[ENTRIES SHOWN]

*** Begin section ***

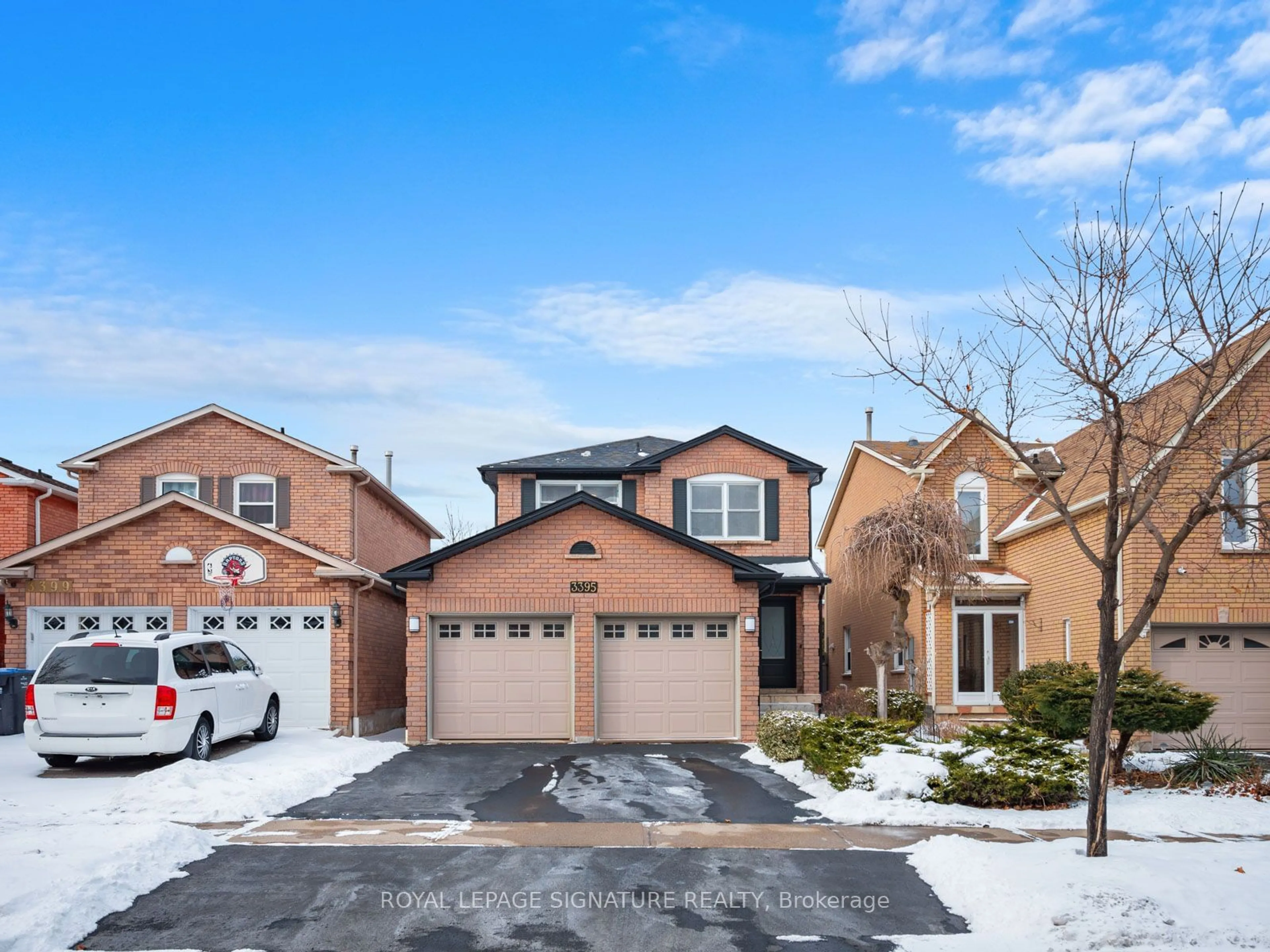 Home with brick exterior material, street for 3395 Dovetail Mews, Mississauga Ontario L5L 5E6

*** End section ***
*** Begin section ***

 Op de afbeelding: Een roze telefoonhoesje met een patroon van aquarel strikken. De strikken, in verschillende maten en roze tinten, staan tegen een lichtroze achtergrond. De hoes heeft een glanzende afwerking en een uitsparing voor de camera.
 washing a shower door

*** End section ***

[WORK REQUIRED]
Starting with the line with "Op de afbeelding: Een" above and going on through the line with "washing a shower door", transcribe every line exactly, both ends included, and add nothing.

[FINISHED EXERCISE]
 Op de afbeelding: Een roze telefoonhoesje met een patroon van aquarel strikken. De strikken, in verschillende maten en roze tinten, staan tegen een lichtroze achtergrond. De hoes heeft een glanzende afwerking en een uitsparing voor de camera.
 washing a shower door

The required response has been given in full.